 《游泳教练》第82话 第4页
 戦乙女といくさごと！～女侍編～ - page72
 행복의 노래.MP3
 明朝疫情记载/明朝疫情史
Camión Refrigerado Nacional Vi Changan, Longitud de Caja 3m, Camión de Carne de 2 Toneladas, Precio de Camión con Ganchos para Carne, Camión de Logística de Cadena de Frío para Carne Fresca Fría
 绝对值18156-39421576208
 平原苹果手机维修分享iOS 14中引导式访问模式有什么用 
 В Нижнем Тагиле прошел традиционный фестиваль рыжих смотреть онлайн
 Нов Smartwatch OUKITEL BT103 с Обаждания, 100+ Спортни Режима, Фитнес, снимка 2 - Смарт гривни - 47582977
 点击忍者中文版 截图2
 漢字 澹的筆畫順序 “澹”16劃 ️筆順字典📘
•••••
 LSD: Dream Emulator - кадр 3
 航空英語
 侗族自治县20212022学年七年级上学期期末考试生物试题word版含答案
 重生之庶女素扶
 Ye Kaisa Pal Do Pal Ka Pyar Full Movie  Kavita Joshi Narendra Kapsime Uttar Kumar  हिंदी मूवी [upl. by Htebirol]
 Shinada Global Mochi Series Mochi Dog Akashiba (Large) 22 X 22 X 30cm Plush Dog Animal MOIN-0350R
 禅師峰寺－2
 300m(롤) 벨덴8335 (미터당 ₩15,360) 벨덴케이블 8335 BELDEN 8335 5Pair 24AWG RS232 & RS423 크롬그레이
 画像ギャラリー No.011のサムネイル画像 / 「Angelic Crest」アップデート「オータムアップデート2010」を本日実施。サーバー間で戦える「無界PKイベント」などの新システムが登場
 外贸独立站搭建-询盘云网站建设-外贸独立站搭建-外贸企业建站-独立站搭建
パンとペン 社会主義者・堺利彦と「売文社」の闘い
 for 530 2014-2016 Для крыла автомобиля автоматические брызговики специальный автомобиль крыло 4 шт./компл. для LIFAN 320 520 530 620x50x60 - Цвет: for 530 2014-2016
•••••
• WHAT IS REQUIRED: Beginning with the line that has "侗族自治县20212022学年七年级上学期期末考试生物试题word版含答案" and ending with the line that has "Ye Kaisa Pal", set down the lines above exactly and include no others.

• RESULT:
 侗族自治县20212022学年七年级上学期期末考试生物试题word版含答案
 重生之庶女素扶
 Ye Kaisa Pal Do Pal Ka Pyar Full Movie  Kavita Joshi Narendra Kapsime Uttar Kumar  हिंदी मूवी [upl. by Htebirol]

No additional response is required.